## Directions for this task
Print exactly the lines below between the line containing "Camicie a maniche" and the line containing "Charming Pink Office", counting both of those lines. Leave pictures out.

## Entries provided

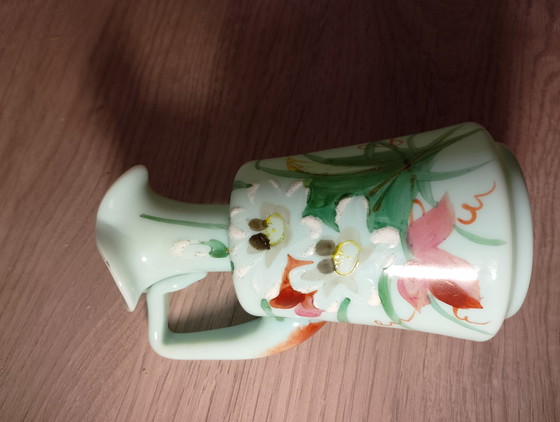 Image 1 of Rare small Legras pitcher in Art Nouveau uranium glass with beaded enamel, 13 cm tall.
==
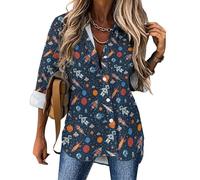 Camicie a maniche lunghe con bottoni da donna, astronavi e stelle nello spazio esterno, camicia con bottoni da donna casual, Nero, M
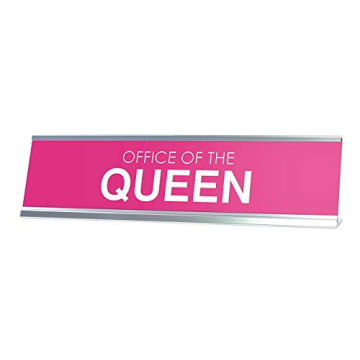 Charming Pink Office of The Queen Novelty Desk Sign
* * *
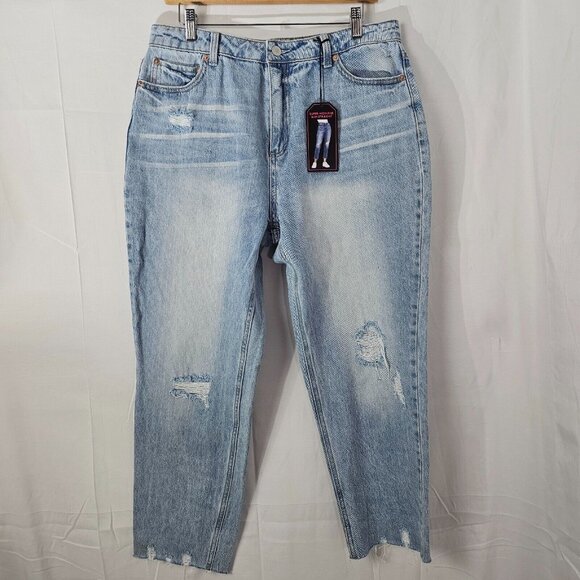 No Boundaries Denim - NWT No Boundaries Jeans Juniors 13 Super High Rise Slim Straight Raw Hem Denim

## Your solution
 Camicie a maniche lunghe con bottoni da donna, astronavi e stelle nello spazio esterno, camicia con bottoni da donna casual, Nero, M
 Charming Pink Office of The Queen Novelty Desk Sign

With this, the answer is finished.